Jack had seen enough battlefield injuries to know Dawson had made the right call. The placement of the air tube was too delicate for an open-throttle race back up the river. Santos needed the at
tention of a doc, and one was on the way.
With Santos being tended to by others on the crew, Jack joined Dawson. She was standing beside the entrance to the cockpit, hips braced against the bulkhead, monitoring radio transmission to and from the inbound chopper. A few damp tendrils straggled beneath her helmet. Sweat beaded her cheeks and chin. Her narrowed eyes swept the sky ahead.
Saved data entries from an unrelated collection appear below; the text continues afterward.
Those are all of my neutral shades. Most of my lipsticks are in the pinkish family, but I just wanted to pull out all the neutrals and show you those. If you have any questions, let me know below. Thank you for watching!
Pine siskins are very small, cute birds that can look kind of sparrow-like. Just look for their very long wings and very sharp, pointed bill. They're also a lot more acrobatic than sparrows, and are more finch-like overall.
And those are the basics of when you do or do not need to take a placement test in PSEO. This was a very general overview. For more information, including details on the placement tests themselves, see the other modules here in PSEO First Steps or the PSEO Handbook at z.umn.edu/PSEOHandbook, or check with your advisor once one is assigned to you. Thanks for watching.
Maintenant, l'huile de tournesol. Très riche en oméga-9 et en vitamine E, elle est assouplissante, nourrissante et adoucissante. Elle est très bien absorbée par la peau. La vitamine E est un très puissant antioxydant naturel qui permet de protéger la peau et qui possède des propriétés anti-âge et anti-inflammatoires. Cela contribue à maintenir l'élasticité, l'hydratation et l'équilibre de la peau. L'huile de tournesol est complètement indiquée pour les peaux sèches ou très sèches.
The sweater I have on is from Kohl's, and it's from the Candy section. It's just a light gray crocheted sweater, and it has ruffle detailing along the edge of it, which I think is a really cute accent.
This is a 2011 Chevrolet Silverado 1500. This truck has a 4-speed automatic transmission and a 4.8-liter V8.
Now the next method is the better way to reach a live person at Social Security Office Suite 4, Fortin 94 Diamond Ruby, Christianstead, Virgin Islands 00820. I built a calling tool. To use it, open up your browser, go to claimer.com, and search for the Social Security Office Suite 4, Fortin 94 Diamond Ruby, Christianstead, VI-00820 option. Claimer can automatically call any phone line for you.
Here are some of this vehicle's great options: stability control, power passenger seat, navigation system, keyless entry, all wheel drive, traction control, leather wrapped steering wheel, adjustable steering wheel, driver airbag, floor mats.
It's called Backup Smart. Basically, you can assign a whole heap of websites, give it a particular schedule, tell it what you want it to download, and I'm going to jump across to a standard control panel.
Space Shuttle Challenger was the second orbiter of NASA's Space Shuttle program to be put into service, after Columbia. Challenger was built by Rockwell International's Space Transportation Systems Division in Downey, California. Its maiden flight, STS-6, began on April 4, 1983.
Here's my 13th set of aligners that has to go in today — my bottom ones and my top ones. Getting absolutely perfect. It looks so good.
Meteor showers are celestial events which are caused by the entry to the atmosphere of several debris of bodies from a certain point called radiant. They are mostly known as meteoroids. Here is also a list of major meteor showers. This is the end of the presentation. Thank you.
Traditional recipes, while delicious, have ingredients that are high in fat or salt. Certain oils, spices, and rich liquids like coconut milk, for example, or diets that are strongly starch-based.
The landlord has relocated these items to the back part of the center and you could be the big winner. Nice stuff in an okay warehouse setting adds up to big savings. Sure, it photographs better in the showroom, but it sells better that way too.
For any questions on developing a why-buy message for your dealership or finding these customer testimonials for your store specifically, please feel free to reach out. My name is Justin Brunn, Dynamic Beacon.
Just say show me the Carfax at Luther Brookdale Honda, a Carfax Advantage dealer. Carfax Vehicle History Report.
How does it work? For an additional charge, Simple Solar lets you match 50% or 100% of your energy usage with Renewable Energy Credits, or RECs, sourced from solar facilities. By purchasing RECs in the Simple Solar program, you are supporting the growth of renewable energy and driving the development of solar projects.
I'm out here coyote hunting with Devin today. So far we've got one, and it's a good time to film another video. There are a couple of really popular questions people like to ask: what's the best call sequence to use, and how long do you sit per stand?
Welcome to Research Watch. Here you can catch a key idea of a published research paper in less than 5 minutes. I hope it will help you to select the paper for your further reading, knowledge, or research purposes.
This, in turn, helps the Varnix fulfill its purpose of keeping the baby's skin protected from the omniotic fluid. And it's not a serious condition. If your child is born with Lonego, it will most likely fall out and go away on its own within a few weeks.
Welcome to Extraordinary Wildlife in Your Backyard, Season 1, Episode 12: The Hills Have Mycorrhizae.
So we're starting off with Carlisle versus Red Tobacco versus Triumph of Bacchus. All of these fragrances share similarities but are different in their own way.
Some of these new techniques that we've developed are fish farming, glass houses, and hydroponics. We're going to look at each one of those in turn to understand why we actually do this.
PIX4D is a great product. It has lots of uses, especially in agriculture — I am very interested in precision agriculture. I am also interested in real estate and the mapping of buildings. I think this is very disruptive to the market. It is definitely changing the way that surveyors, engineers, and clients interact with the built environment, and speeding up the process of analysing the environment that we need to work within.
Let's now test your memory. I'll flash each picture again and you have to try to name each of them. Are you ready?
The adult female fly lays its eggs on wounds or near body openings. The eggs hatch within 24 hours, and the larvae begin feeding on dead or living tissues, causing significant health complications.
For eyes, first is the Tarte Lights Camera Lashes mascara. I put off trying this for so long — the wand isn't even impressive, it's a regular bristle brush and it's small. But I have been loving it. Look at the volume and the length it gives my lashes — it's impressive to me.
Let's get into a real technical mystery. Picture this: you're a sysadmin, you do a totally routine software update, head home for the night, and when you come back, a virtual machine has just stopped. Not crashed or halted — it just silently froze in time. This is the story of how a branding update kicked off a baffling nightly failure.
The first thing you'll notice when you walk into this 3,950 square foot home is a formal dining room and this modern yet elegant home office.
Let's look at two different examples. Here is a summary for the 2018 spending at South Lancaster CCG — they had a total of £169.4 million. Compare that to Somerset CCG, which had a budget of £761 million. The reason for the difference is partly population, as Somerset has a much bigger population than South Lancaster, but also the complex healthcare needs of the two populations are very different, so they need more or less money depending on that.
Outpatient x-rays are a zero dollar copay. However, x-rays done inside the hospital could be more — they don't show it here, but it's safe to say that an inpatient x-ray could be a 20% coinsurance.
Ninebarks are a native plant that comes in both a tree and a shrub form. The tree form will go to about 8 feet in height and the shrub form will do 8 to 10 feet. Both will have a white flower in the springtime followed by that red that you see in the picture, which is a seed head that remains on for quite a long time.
“ETA ten minutes,” she muttered, as much to herself as to Jack.
She skimmed her gaze over the Amazon, mentally preparing for the transfer. The rain-swollen river was as wide as a lake, its distant banks more gray than green in the hazy afternoon heat. Away from the dense rain forest canopy, this vast stretch of open water would allow the helo crew to lower a basket and winch Santos up. A tricky maneuver at the best of times. The storm clouds piling up made it even dicier.
“Think we’ll get him aboard the chopper before the rain breaks?” Jack asked as lightning shot out of the huge gray domes. Thunder followed a few seconds later, booming and reverberating in percussive waves.
“It’ll be close,” Charley spoke into her helmet’s headset. “What’s the reading on the river current?”
“Six point nine knots.”
“Maintain present heading and increase speed to twelve knots.”
“Aye, aye, Chief.”
Jack braced himself as the RCB kicked up speed and cut through wet-season debris. Stalks of fan-shaped palms swept past, along with uprooted trees and clumps of saw grass the size of small islands.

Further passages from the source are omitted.